Researchers at the Takshashila Institution have flagged a related tension: India's silence on confirmed chemical weapons use—including against civilians—creates friction with the Global South leadership narrative that New Delhi invested heavily in cultivating through its G20 presidency. A country that presents itself as the voice of the world's vulnerable cannot remain agnostic about weapons whose defining purpose is mass civilian suffering. The two positions coexist uneasily, and at some point the coexistence will be called out by the very Global South audiences India is addressing.
The Sharper Option
There is a space between co-sponsoring Western punitive resolutions and saying nothing—and India has not occupied it. The sharper option, which several analysts working on non-proliferation governance have identified, is to table India's own procedural proposals inside the OPCW: on evidentiary standards for the attribution function, on the relationship between the Technical Secretariat's investigative findings and Executive Council voting thresholds, on how state party rights are protected during ongoing investigations. None of these positions require India to endorse the UK's conclusions about Russian conduct. All of them would establish India as a governance actor with a point of view, not merely a compliance record.
This matters beyond The Hague. India's campaign for a permanent seat on the UN Security Council rests partly on the claim that it brings a distinctive, principled multilateralism to the table—not the multilateralism of any bloc, but one anchored in procedural fairness and genuine non-alignment. That claim requires demonstration across venues, and the OPCW is, as former diplomat Amandeep Singh Gill has noted in his work on multilateral arms-control engagement, precisely the kind of body where active participation in norm-setting anchors a state's voice in rule-setting processes at relatively low diplomatic cost. The stakes are not as high as a UNSC resolution on Ukraine. The visibility of Indian initiative would be proportionally real.

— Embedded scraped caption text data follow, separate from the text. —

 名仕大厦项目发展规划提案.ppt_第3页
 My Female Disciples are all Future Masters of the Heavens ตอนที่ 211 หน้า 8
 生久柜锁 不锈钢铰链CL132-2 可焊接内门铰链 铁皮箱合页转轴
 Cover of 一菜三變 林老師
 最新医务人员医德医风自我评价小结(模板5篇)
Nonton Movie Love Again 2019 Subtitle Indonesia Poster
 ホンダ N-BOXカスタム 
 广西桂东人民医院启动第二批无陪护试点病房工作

The India-UK Comprehensive Strategic Partnership, with its ongoing free trade negotiations and deepening defence and technology cooperation, is also part of the frame. Western partners register India's OPCW abstentions; they do not raise them loudly, but they accumulate. The question is not whether India should subordinate its strategic relationships to Western preferences—it should not, and the suggestion would be absurd. The question is whether India can construct a multilateral posture that is recognisably its own: one that protects the Russia relationship, protects Indian industry interests, and still puts India in the room as a maker of rules rather than a reader of them.

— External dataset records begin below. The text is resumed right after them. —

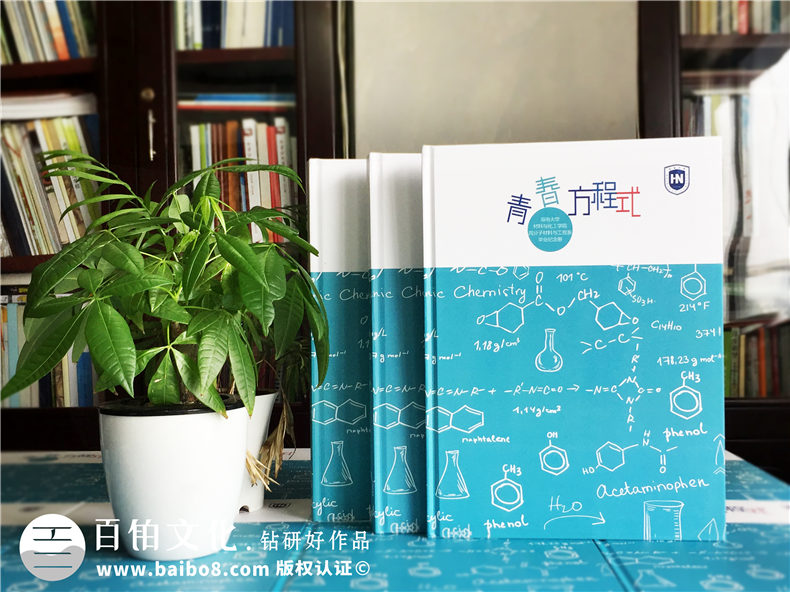 2019大學(xué)畢業(yè)紀(jì)念冊(cè)內(nèi)容設(shè)計(jì)怎么做 請(qǐng)看紀(jì)念冊(cè)內(nèi)容板塊劃分與設(shè)計(jì)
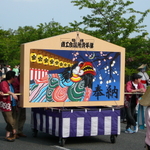 P1000032.JPG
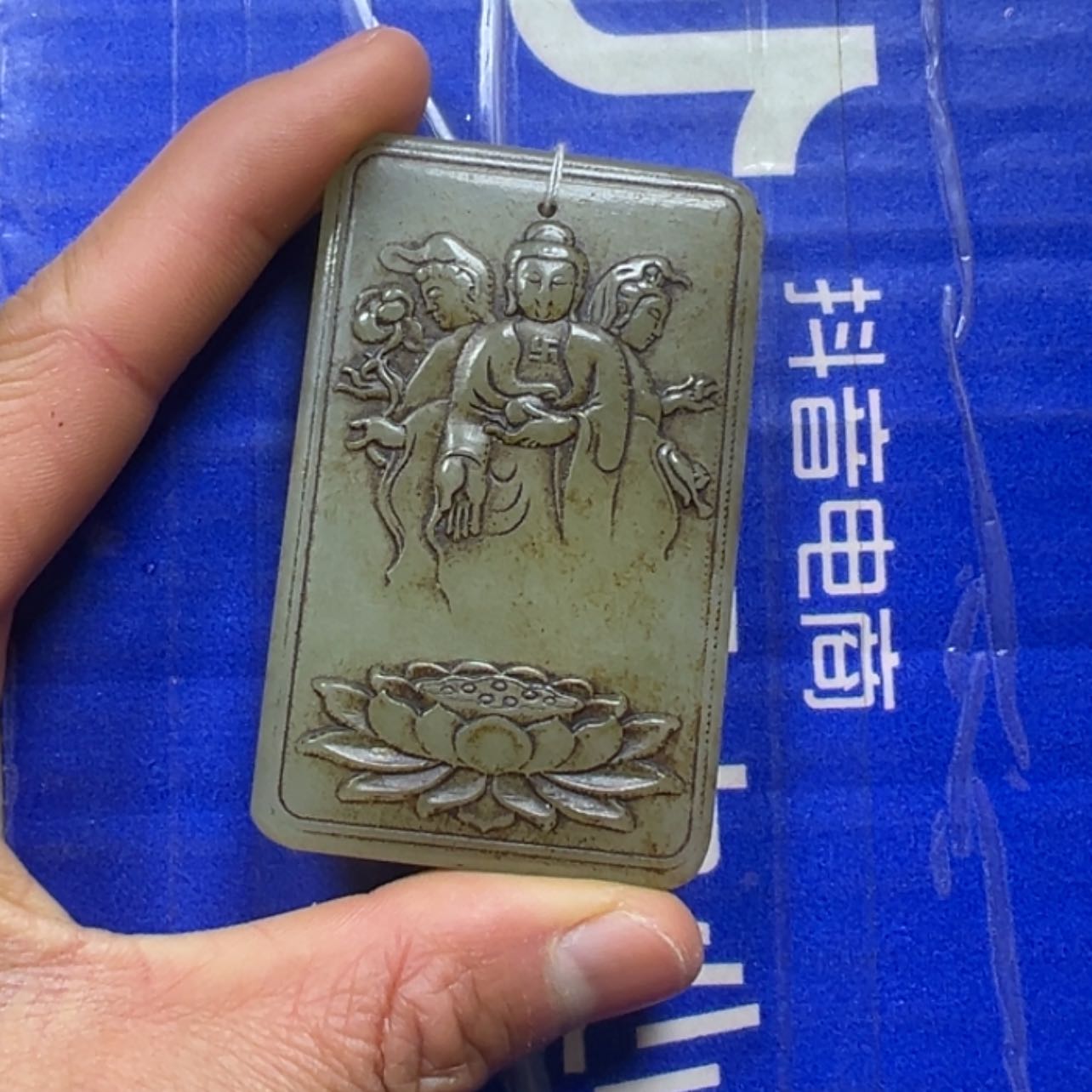 【闪购商品】和田玉挂件未镶嵌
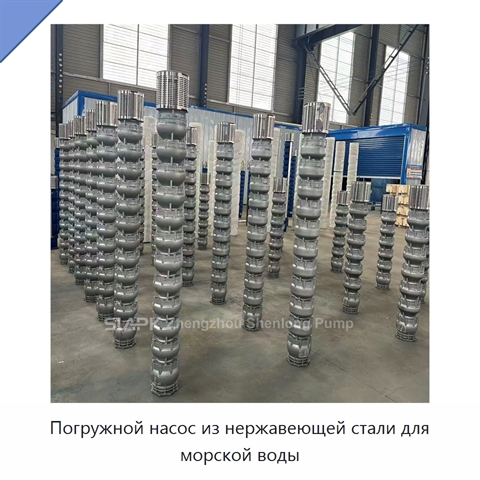 Погружной насос из нержавеющей стали для морской воды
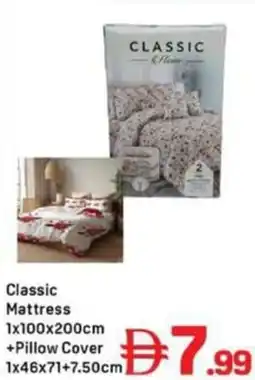 Day To Day Classic Mattress + Pillow Cover offer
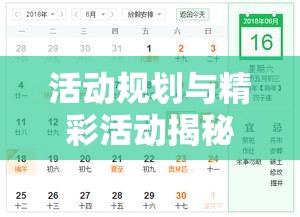 端午节放假安排及活动规划，揭秘2015年特别版精彩活动  第1张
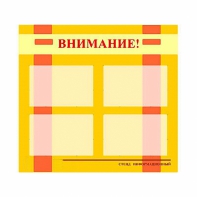 Стенд информационный для ДОУ "Внимание!" (80х75см., 4 карм., алюм. проф.) - fgospostavki.ru - Калуга
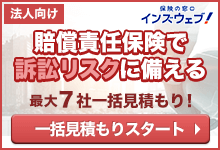 取引信用保険で回収不能リスクに備える 最大15社一括見積もり！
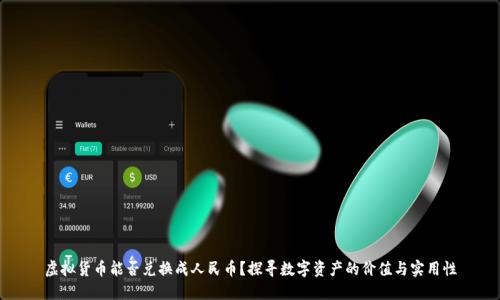 虚拟货币能否兑换成人民币？探寻数字资产的价值与实用性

The UK's statement at the 112th Executive Council will not shift Russian behaviour. But it will, over the next eighteen months of the incoming Director-General's tenure, help shape what accountability at the OPCW means institutionally—what the evidentiary bar is, how attribution findings are communicated, how Executive Council votes are structured. India is a State Party. It is in the room. The gap between being in the room and shaping what happens there is precisely the gap that the OPCW offers a low-cost opportunity to close—if New Delhi chooses to use it.